Collected material:
################
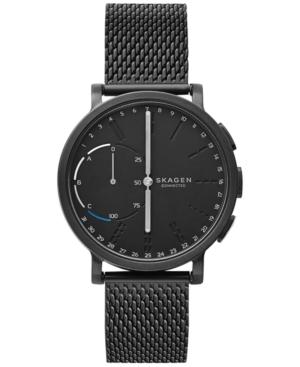 Skagen Connected Men's Hagen Black Ion-plated Stainless Steel Bracelet Hybrid Smart Watch 42mm Skt1109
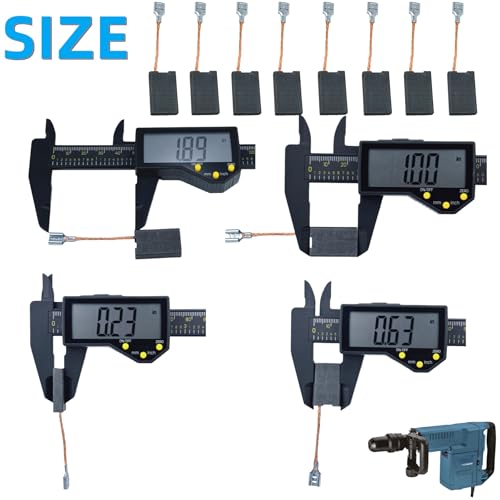 Image of (8 pack)1617014126 0611316739 Carbon Brush Replacement for Bosch 11311EVS 11223EVS 11245EVS 11316EVS 11317EVS & Rotary Hammer AUTOSTOP Electric Motor Power Tool Part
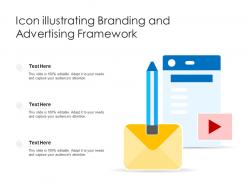 Icon illustrating branding and advertising framework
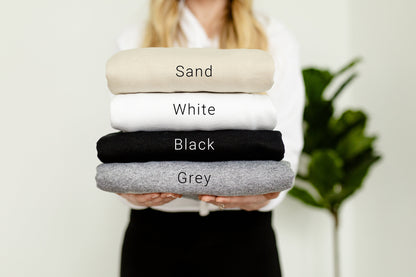 Mickey Peace Hand Embroidered Sweater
################
Exercise:
No image belongs in the copy. Transcribe the full listing verbatim.

Written reply:
 Skagen Connected Men's Hagen Black Ion-plated Stainless Steel Bracelet Hybrid Smart Watch 42mm Skt1109
 Image of (8 pack)1617014126 0611316739 Carbon Brush Replacement for Bosch 11311EVS 11223EVS 11245EVS 11316EVS 11317EVS & Rotary Hammer AUTOSTOP Electric Motor Power Tool Part
 Icon illustrating branding and advertising framework
 Mickey Peace Hand Embroidered Sweater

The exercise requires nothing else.